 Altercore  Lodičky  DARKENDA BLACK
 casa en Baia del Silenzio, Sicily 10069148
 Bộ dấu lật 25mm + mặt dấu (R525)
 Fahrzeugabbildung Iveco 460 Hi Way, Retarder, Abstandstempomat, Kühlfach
◇ ◇ ◇ ◇ ◇ ◇ ◇
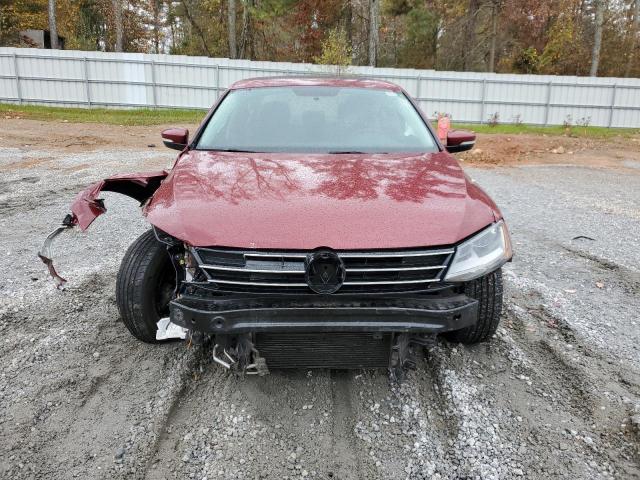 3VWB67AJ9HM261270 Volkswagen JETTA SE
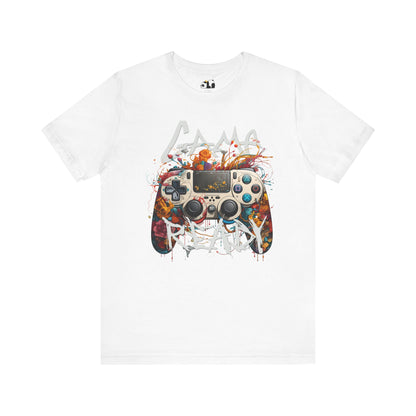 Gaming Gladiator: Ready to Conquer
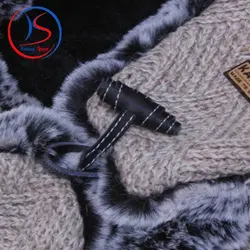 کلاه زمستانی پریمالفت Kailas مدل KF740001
◇ ◇ ◇ ◇ ◇ ◇ ◇
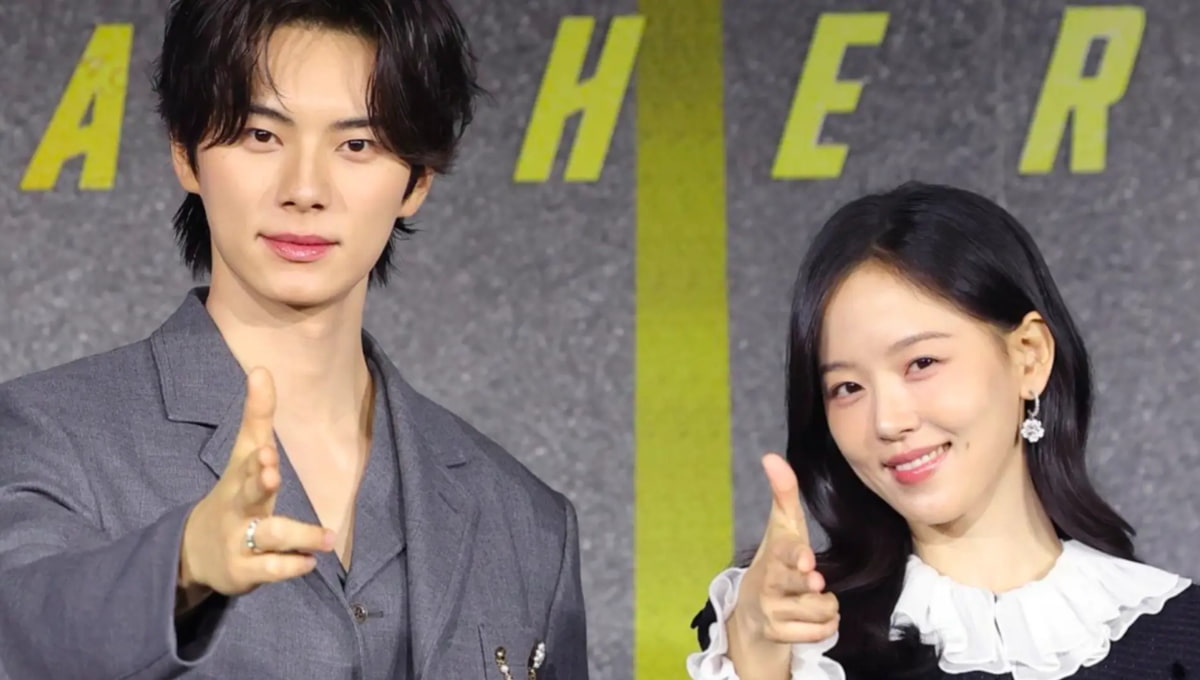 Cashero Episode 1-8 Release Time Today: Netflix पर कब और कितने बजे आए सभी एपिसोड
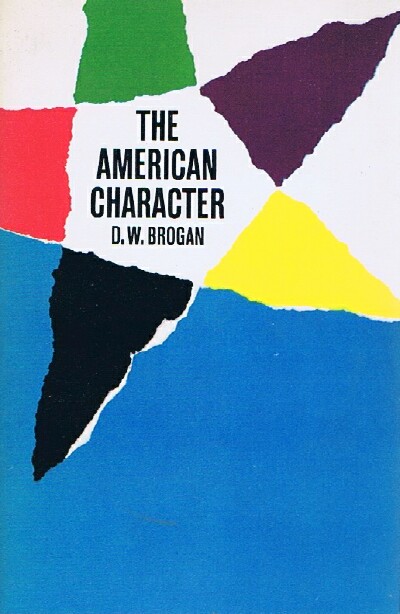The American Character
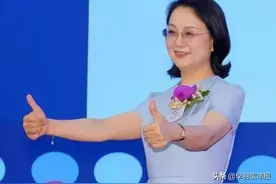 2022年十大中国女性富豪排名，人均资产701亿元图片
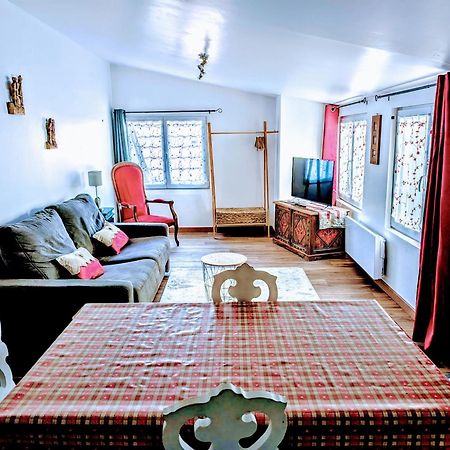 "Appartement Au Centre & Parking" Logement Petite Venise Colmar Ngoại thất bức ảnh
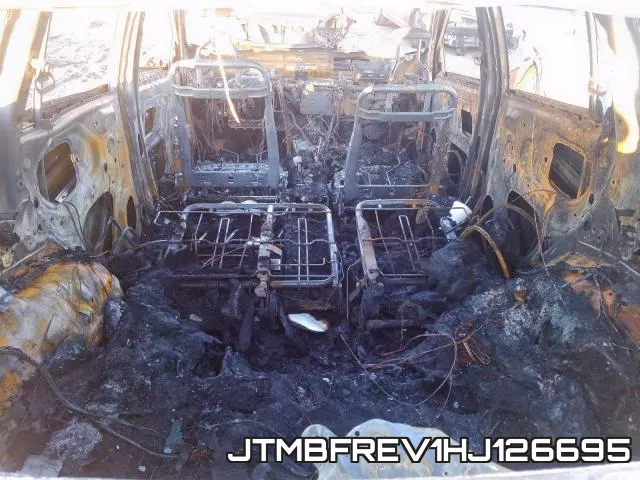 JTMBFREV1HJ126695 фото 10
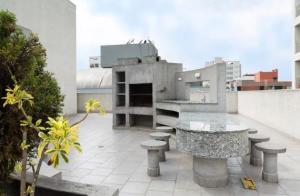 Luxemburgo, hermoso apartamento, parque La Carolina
◇ ◇ ◇ ◇ ◇ ◇ ◇
§ **Task requirements**
Starting at the line above that contains "casa en Baia del Silenzio, Sicily 10069148", repeat each line exactly up to and including the line that contains "Fahrzeugabbildung Iveco 460", and stop there.

§ **Task result**
 casa en Baia del Silenzio, Sicily 10069148
 Bộ dấu lật 25mm + mặt dấu (R525)
 Fahrzeugabbildung Iveco 460 Hi Way, Retarder, Abstandstempomat, Kühlfach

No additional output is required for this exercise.